A falta de capacidade e empenho do Estado em promover o processo de substituição do cultivo da coca acabou por oferecer ao narcotráfico um reflorescimento que poucos previam há alguns anos. Estima-se que em 2019 tivessem sido cultivados 154 mil hectares de coca em todo o país, o que representa uma subida acentuada face aos 48 mil que existiam em 2012, de acordo com números citados num relatório recente do International Crisis Group.
Combate pelo território
As dinâmicas da violência na Colômbia são, no entanto, mais complexas do que a simples plantação da planta da coca. Um factor que parece ser determinante é a ausência e a fragilidade das instituições estatais em muitos territórios. Nesse contexto, acabam por ser organismos da sociedade civil, como as Juntas de Acção Comunitárias ou os conselhos indígenas, a assumir muitas das funções que deviam ser da responsabilidade do Estado, nota a HRW.

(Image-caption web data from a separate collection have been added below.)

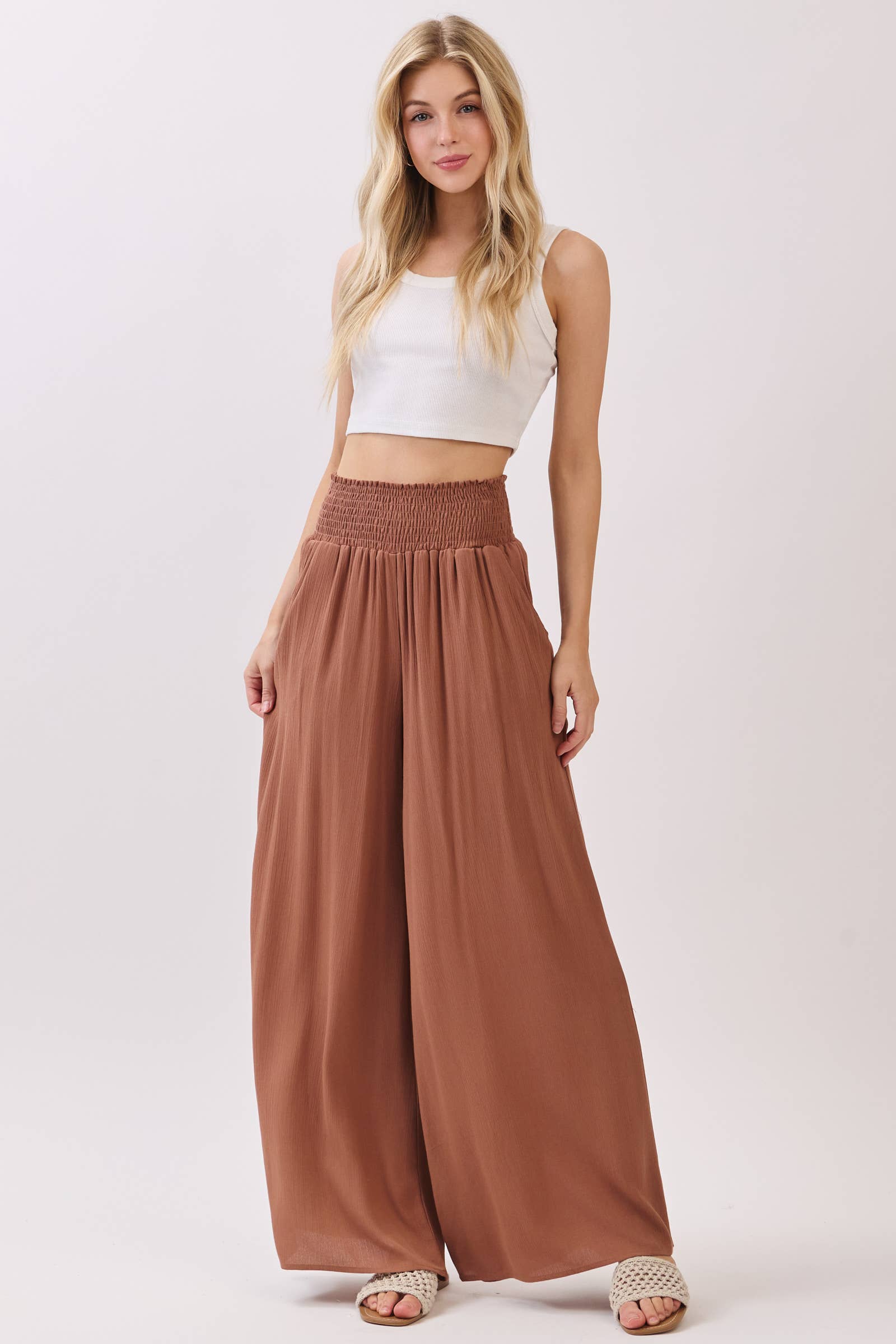 Final Touch – wholesale Pants – Women's – Heavy Gauze Wide Leg Pants - NP70263D-HV32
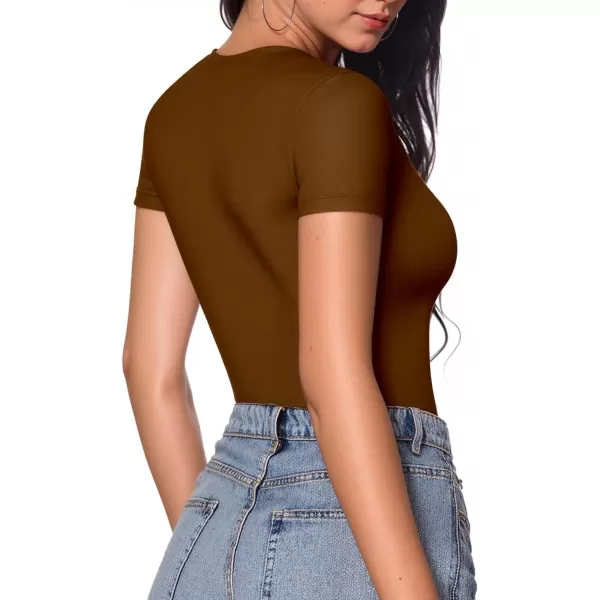 MANGOPOP Womens Crew Neck Short Sleeve Bodysuit Basic T Shirts TopsBrown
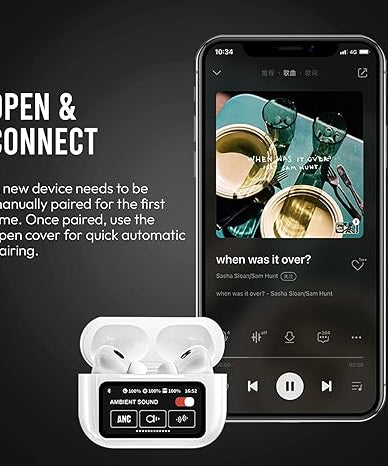 Airoods Pro Wireless With ANC/ENC Touch Control/Display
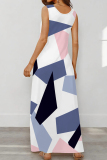 Graphcis Print Backless Spaghetti Strap Floor Length Vacation Baggy Sundress Maxi Tank Dress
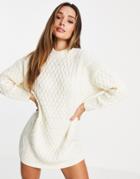 Asos Design Knitted Mini Dress In Cable Knit In Cream-white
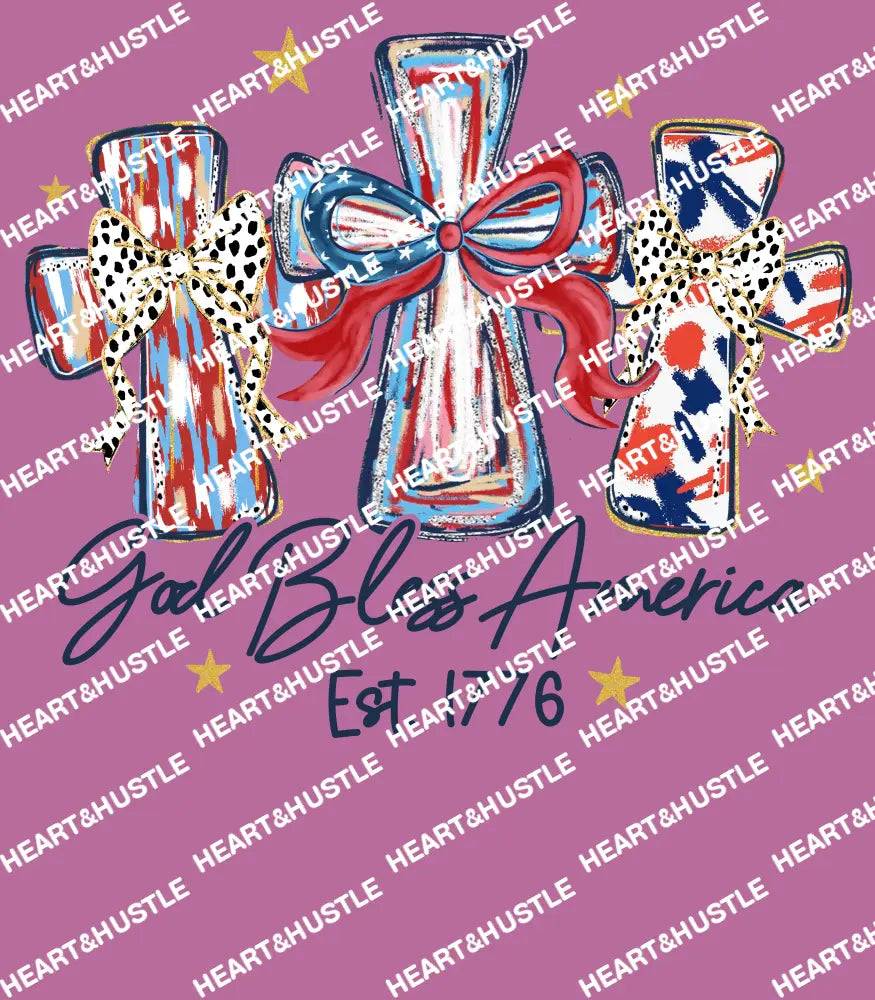 3 Cross Gold bless America Blue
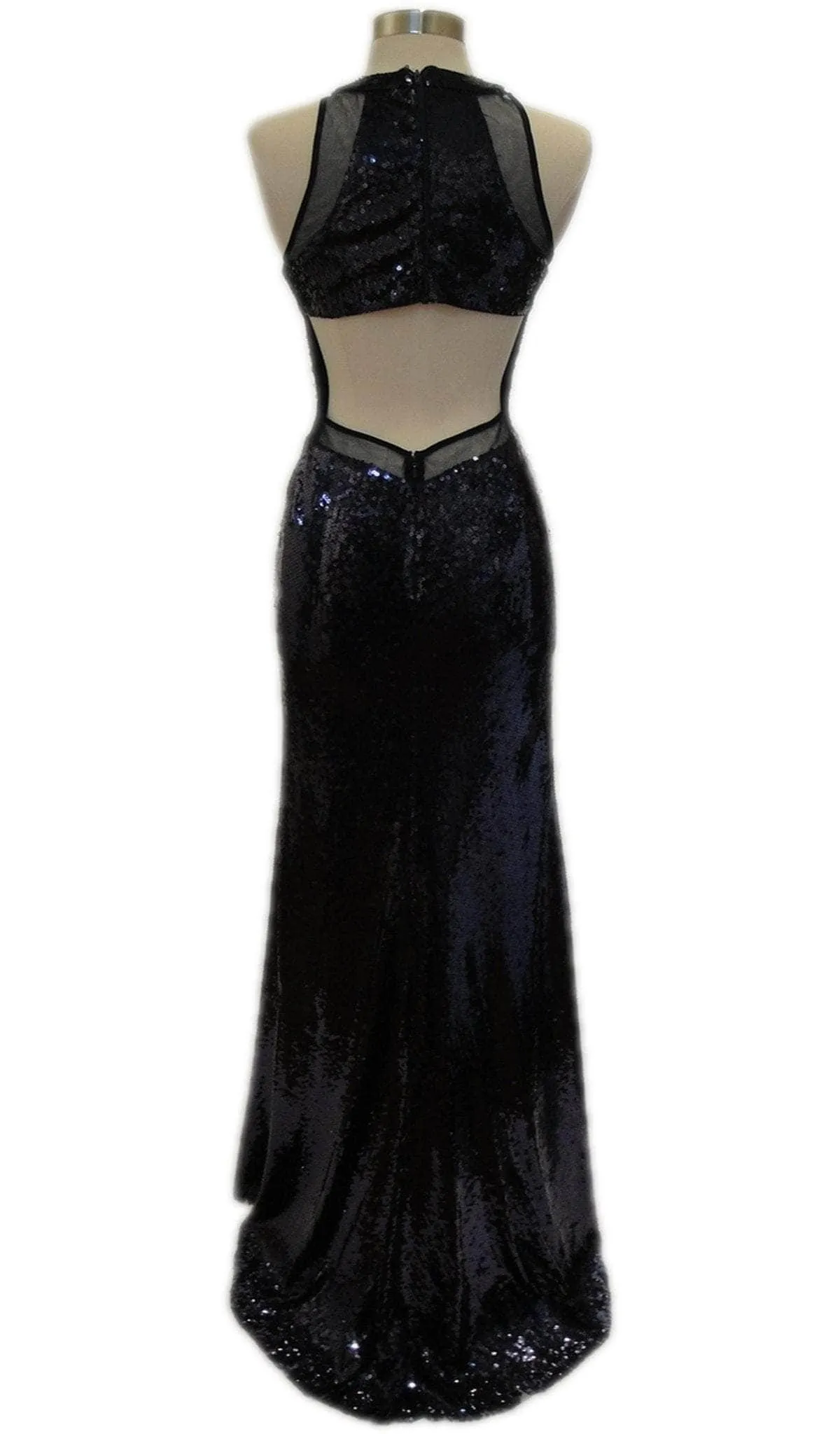 Trevi Collection - Sequined Halter Neck Sheath Prom Dress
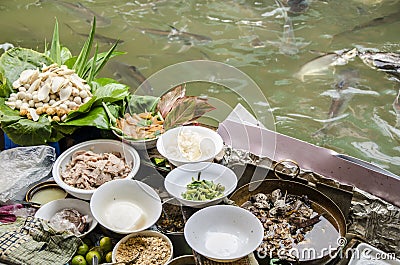 Boat sales noodles. at Taling Chan Floating Market Bangkok, Thailand. Stock Photo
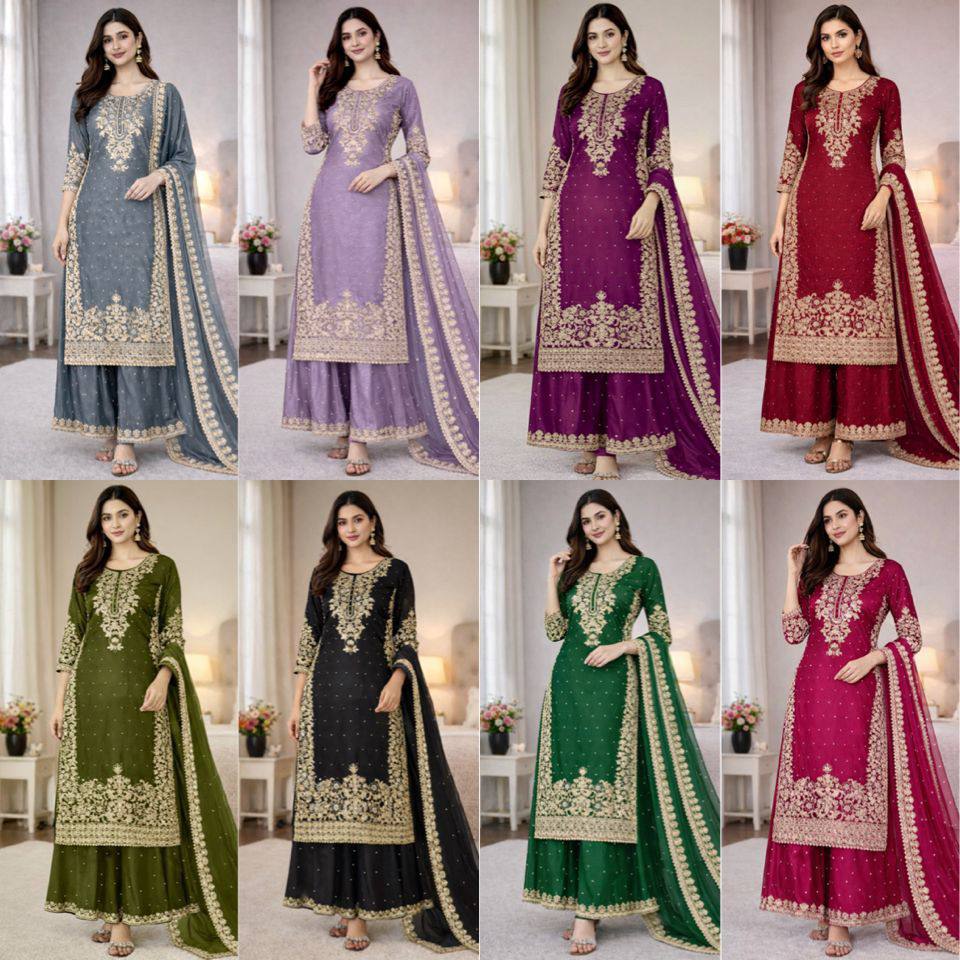 Premium Designer GMY Silk Top‑Plazzo‑Dupatta Set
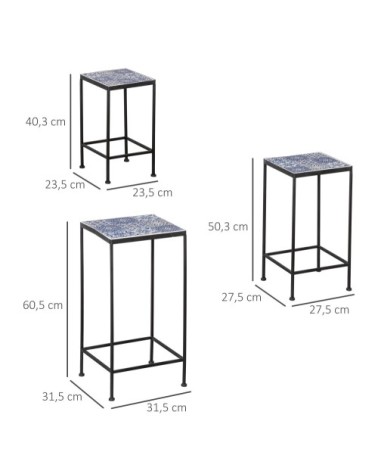 Support pots de fleurs 3 pièces métal plateau carreaux céramique bleu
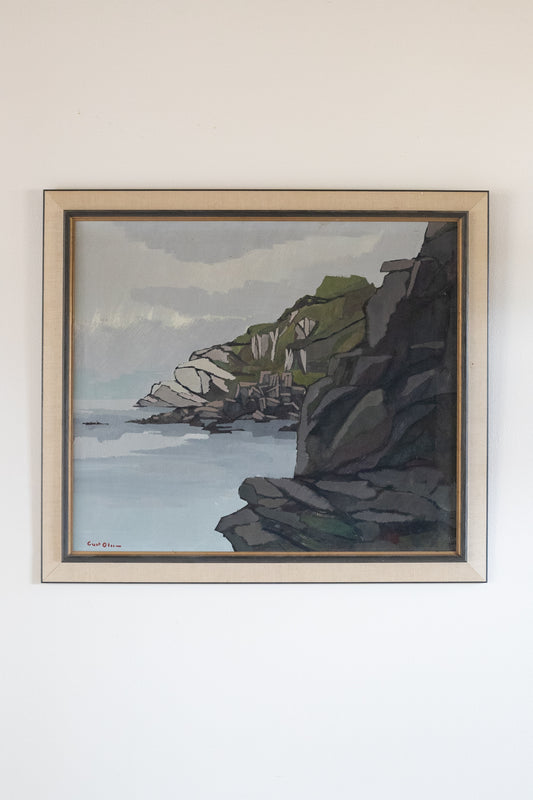 Large Mid-Century Oil On Board by Curt Olson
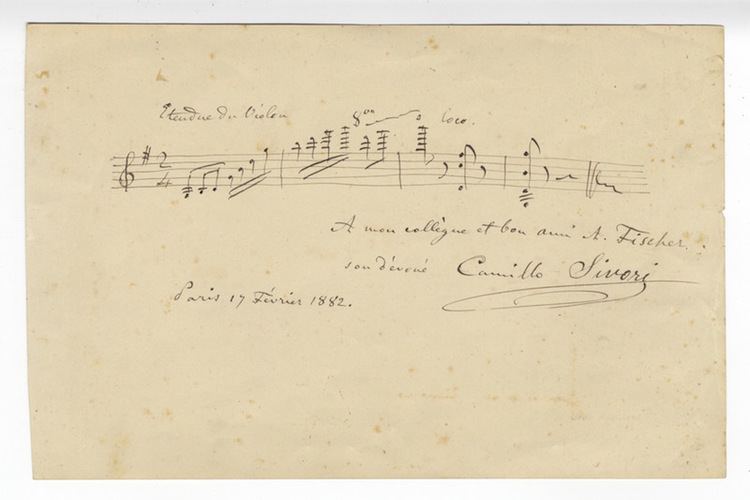 Camillo Sivori Autograph musical quotation signed 4 measures encompassing the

Enquanto tentam suprir essas carências vão colidindo com os interesses do narcotráfico ou de organizações paramilitares, como o Exército de Libertação Nacional, que florescem onde o Estado não existe.
“Os grupos armados oprimem frequentemente os defensores dos direitos humanos e tentam utilizá-los, sob coacção, para impor as suas próprias ‘regras’ nas comunidades. Isso aumenta a possibilidade de os grupos os atacarem por incumprimentos reais ou percepcionados dessas ‘regras’, ou por um suposto apoio a uma parte contrária nos conflitos locais que se desenvolvem em muitas zonas do país”, concluem os investigadores da HRW.
Os assassínios de activistas ocorrem por motivos diferentes dependendo da região do país. Na província do Norte do Cauca, por exemplo, os principais alvos são os líderes indígenas nasa que tentam impedir o domínio das redes do tráfico de droga nas suas terras. No departamento de Caquetá, há relatos de elementos pertencentes a Juntas de Acção Comunitária assassinados por dissidentes das FARC que se mantêm armados, em retaliação pelas ligações desses activistas a ex-guerrilheiros que agora ingressam na vida civil.
O trabalho destes activistas nunca foi pacífico na Colômbia. Em 2019, uma jornalista radiofónica de Caquetá, que viu o pai e o irmão assassinados por grupos paramilitares ligados aos cartéis, resumia ao PÚBLICO o perigo de desenvolver estas actividades: “Ser líder social em Caquetá é como ser um dinossauro, e sabemos bem o que aconteceu aos dinossauros.”
Esta realidade é sobretudo rural e diferente da violência urbana dos cartéis de droga que assombraram a Colômbia nos anos 1990 e, por isso, passa ao lado da generalidade da população. “A violência contra os líderes sociais concentra-se precisamente nas regiões marginalizadas e atingidas pelo conflito armado”, explica o director do Instituto Colombiano-Alemão, Stefan Peters, numa entrevista à Deutsche Welle.
Ao Estado exige-se um maior empenho e interesse na protecção destes activistas, bem como um compromisso com todos os termos do acordo de paz. O Presidente Iván Duque, um conservador, foi eleito em 2018 como um forte crítico do tratado assinado pelas FARC – que foi rejeitado em referendo.
O director da HRW para as Américas, José Miguel Vivanco, contou ao El País o que lhe disse Duque numa reunião este mês em que apresentou os números de homicídios: “O argumento principal do Presidente Duque é o de que na Colômbia existem oito milhões de líderes sociais, o que sugere, ainda que o Presidente não o tenha dito explicitamente, que proteger todos os líderes sociais do país é uma tarefa praticamente impossível.”
Quiñones foi vítima dessa ausência de protecção. Meses antes de ser assassinado, tinha visto a sua escolta pessoal ser reduzida de três equipas e um veículo blindado a apenas uma e um telefone. Estava sozinho quando morreu.